Global CO2-we contributions to RCBs between 2020 and 2050 for CH4 are −275, −215, and −124 GtCO2-we for RCBs compatible with limiting warming to 1.5 °C, 1.7 °C and 2.0 °C, respectively (Table 1). The interquartile range around these numbers is relatively stable across the warming levels assessed here at around ±50–75 GtCO2-we (Fig. 1b). These central estimates allow the direct estimation of the RCB impact of alternative CH4 evolutions over the next decade. Assuming global CH4 emissions do not decline but instead are kept constant at 2020 levels would reduce the RCB by 431, 370, and 280 GtCO2-we for RCBs compatible with 1.5 °C, 1.7 °C, and 2 °C, respectively. In other words, choosing not to reduce CH4 emissions and correctly adjusting for this decision in RCB estimates would cause 1.5 °C-compatible RCBs to be exhausted as of today (Fig. 1b, Table 1, Supplementary Tables S2, S5), in effect putting the 1.5 °C ambition of the Paris Agreement out of reach. Even a global 40% reduction between 2020 and 2040 would cause a 1.5 °C-compatible RCB reduction of about 60 GtCO2-we, highlighting the importance of deep reductions in CH4. Similar adjustments can be estimated for alternative reductions of the split-up agricultural and non-agricultural CH4 emissions and for N2O (Supplementary Table S5).

Conclusions

In conclusion, when global RCB estimates from the IPCC or more recent derivatives are used3,11 (see Supplementary Tables S1 and S2) the here reported median CO2-we emissions are to be considered as the internally consistent contributions from non-CO2 emissions. Any deviations from this median assumption for non-CO2 contributions will have to be taken into account by adequately adjusting the assumed RCB estimate. These adjustments can result in an important increase or decrease of the global RCB, depending on whether the median assumption is over- or underachieved. Importantly, a failure to reduce global agricultural CH4 and N2O emissions over the next decades will put the achievement of the Paris Agreement out of reach.

Methods

Remaining carbon budget (RCB) calculations follow the method described in refs. 2,3,12 and documented in ref. 27 with updates as described in ref. 11.
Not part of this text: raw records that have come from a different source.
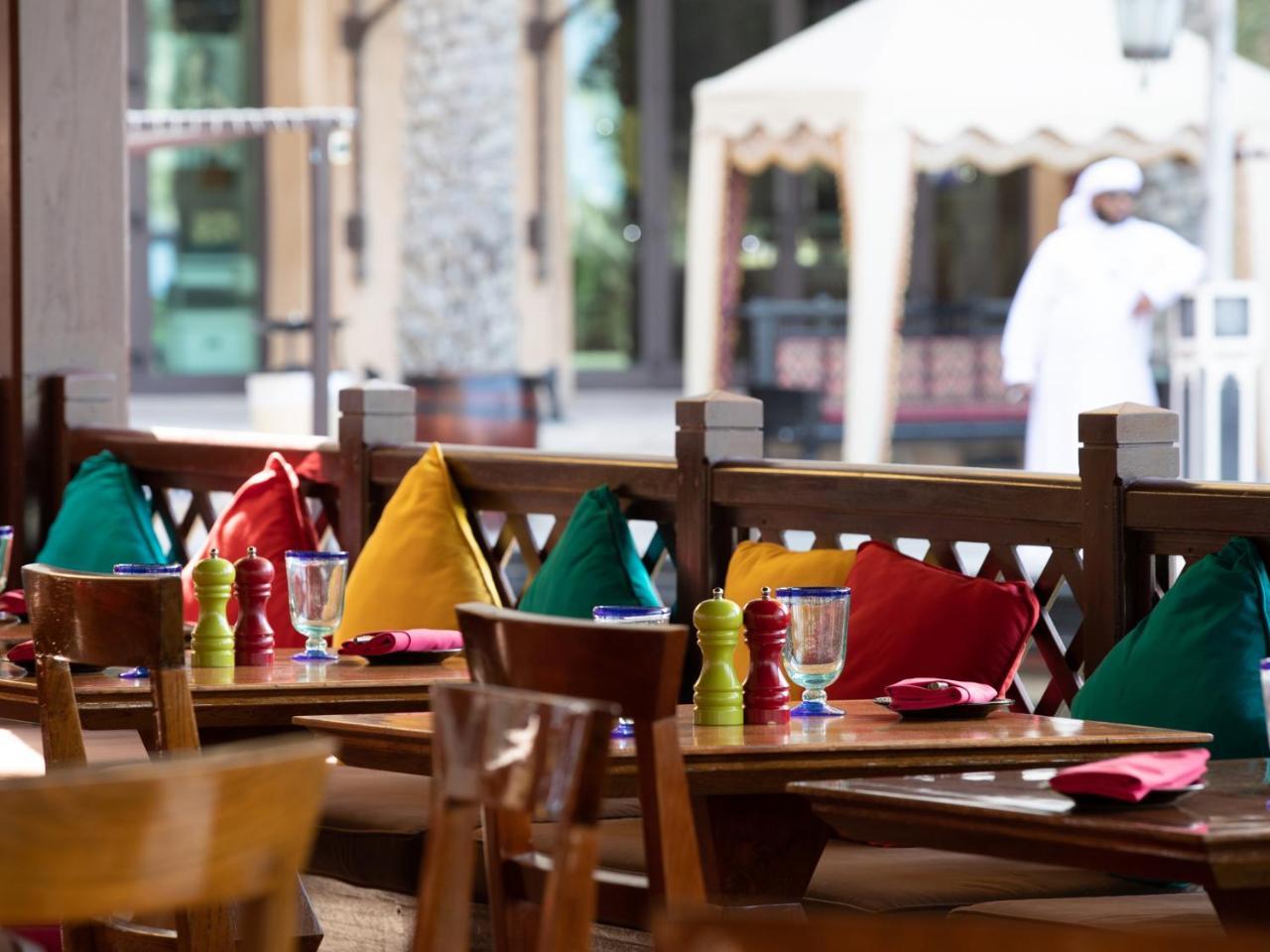Jumeirah Mina Al Salam ดูไบ ภายนอก รูปภาพ The restaurant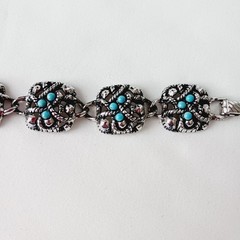 Vintage Avon Sierra Link Bracelet Faux Turquoise Beads Fold Over Clasp 1970’s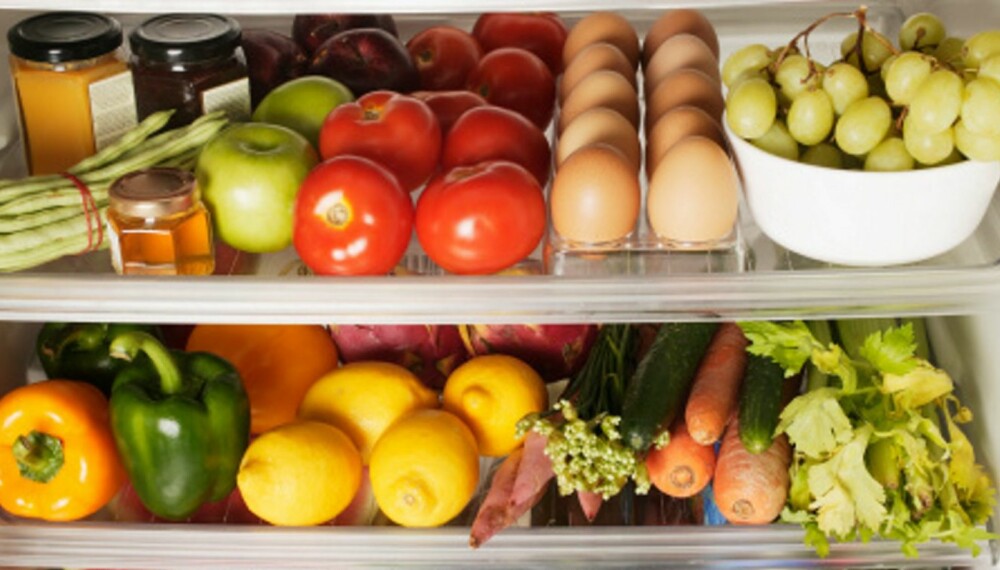 RYDD OG ERSTATT: Lar du være å kjøpe inn usunne fristelser, og heller fyller opp kjøleskapet med frukt og grønt, er det lettere å følge vektplanen din.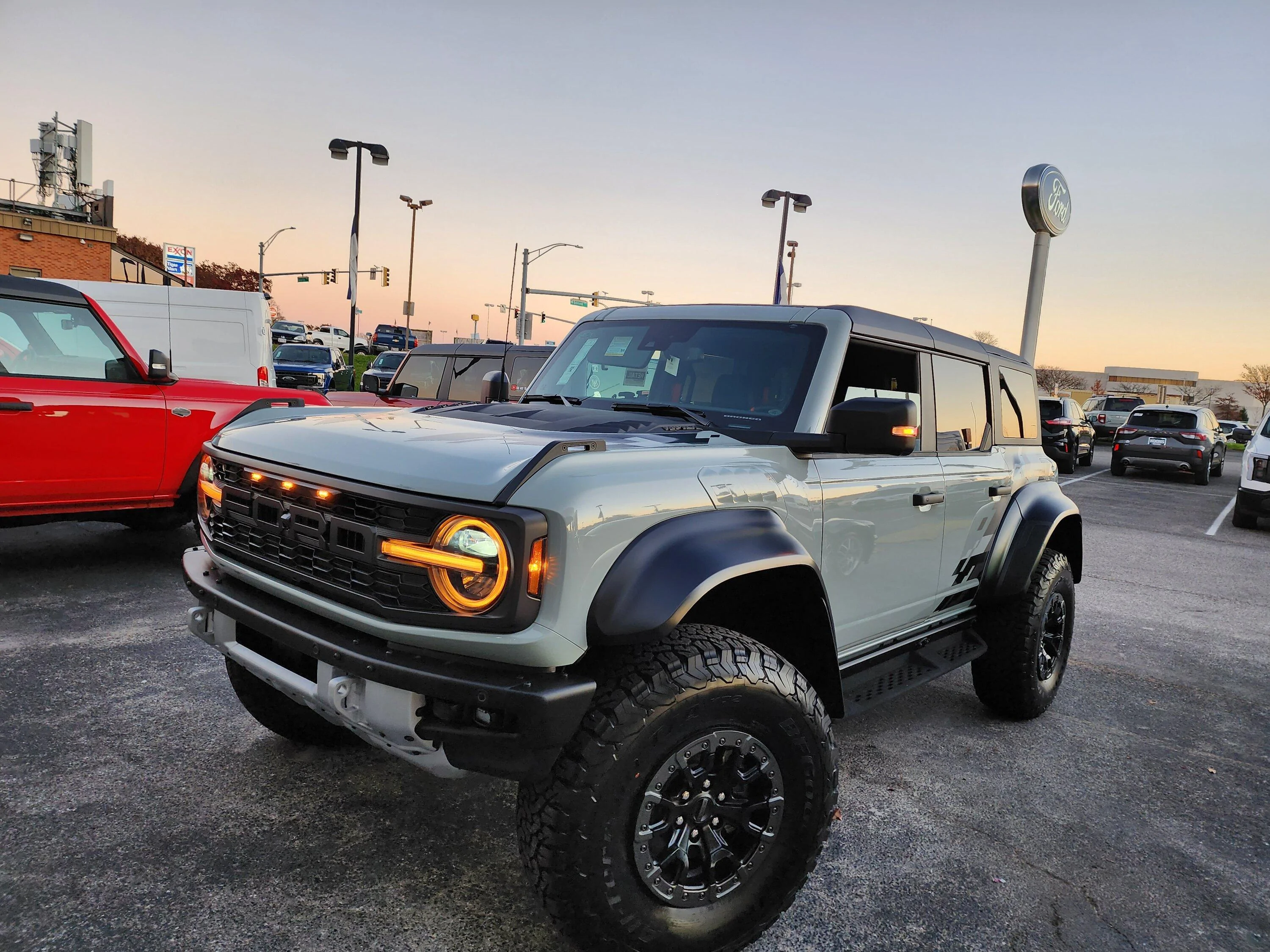 Ford Bronco CACTUS GRAY Bronco RAPTOR Photos Thread 20221109_165726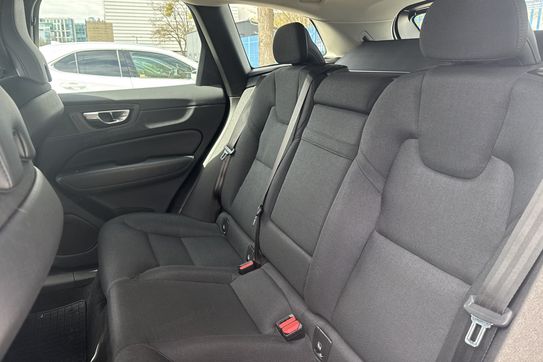 Volvo XC60 B4 B Momentum Pro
Non-CO2 contributions are based on and estimated from the ensemble of mitigation scenarios compiled in the context of the IPCC Sixth Assessment Report15. Consistent with the scenario versions used in the IPCC RCB estimations, this analysis only uses emissions timeseries from scenarios if they were available in the native scenario submission. In other words, no infilled values28,29 have been considered because this would result in a narrowing of the percentile ranges for scenario uncertainties because for some species a large share of scenarios were infilled with central emission values. Scenarios that don’t have a valid AR6 temperature assessment28 are excluded from all calculations. Scenarios where reported F-gas totals in 2015 are outside the range 600–1800 Mt CO2-equiv are excluded from F-gas calculations. Emissions are defined as in the IAMC reporting template available from https://data.ene.iiasa.ac.at/ar6-scenario-submission/#/about.

Non-CO2 emissions are harmonized in accordance with the AR6 scenario assessment protocol28. This uses a multiplicative ratio to correct the SSP2-45 MESSAGE-GLOBIOM data to historical trends in 2014 where available in the AR6 database, then harmonises other scenarios to that trend in 2015 with a ratio that trends to 1 in 2080 (ref. 30). Historical methane from AFOLU data is not available in the AR6 database, so this is estimated using the historical fraction of total methane from AFOLU found in the EDGAR database31 and used in the same way.

CO2-warming equivalent CO2-we emissions are calculated using the method described in ref. 26. A GWP100 equivalence value of 29.9 is used for non-AFOLU methane and 27.2 for AFOLU methane based on ref. 32. Total CO2-we emissions of methane are estimated by summing the two components.